Using the Gaia probe, a mysterious “ancient heart” of the Milky Way was found.
The protogalaxy is a collection of ancient stars from which the rest of the Milky Way grew
Astrophysicists looking into the Milky Way’s beginnings may have found the “old heart” of our galaxy, the original, prehistoric core around which all of its stars and planets evolved.

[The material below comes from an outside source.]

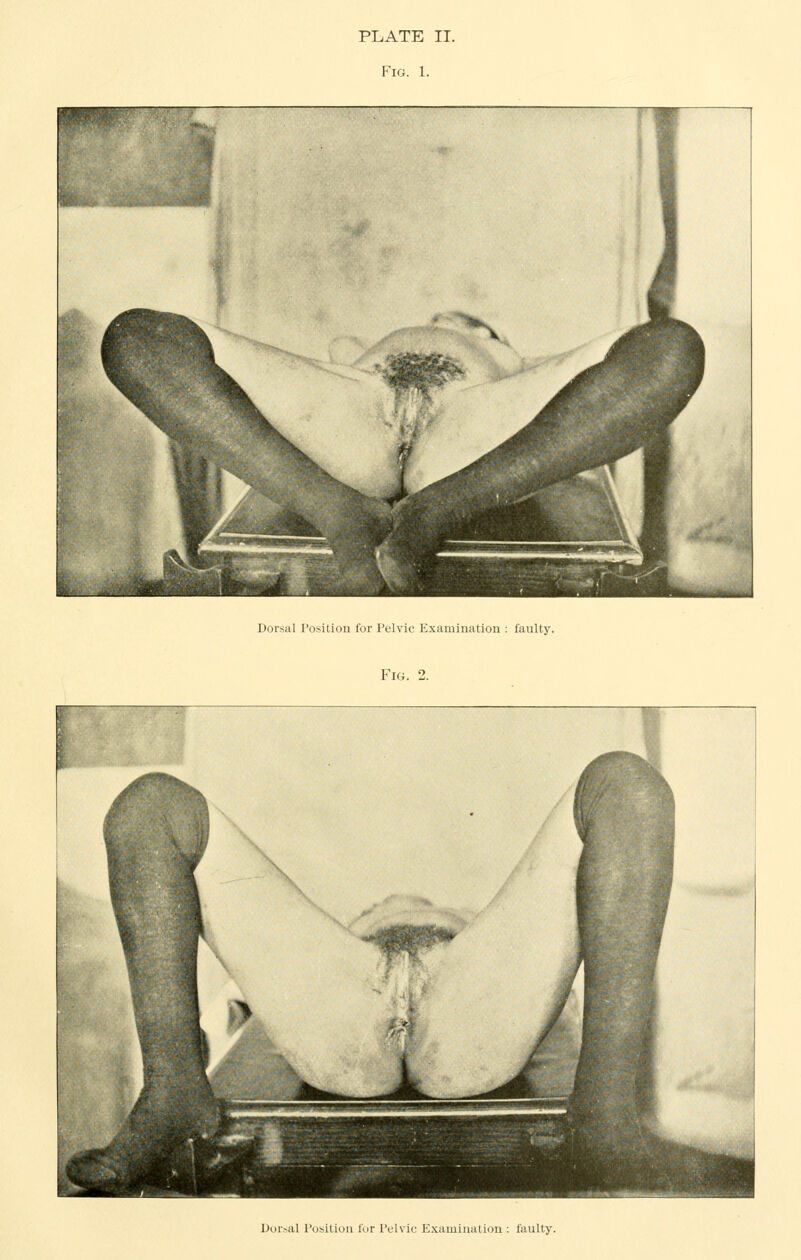 Fig. 1. Dorsal Position for Pelvic Examination : faulty. Fia. 2. Dor.^al Position lor Pelvic E.xamination : faulty.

The Milky Way protogalaxy, which is more than 12.5 billion years old and is composed of primordial gas and dust that formed the earliest stars of a newborn galaxy, has a cluster of 18,000 of our galaxy’s oldest stars. These stars are found in the constellation Sagittarius. The group, which makes up an estimated 0.2% of our galaxy’s total mass, is the nucleus around which the whole Milky Way eventually developed, the researchers discovered. The research findings were posted on the preprint service arXiv on September 8 but have not yet undergone peer review.
The European Space Agency’s (ESA) Gaia observatory, a 3594-pound (1,630 kilograms) probe launched in 2013 with the aim of producing the most precise and detailed picture of the Milky Way, provided the data the scientists used to find the primordial collection of stars.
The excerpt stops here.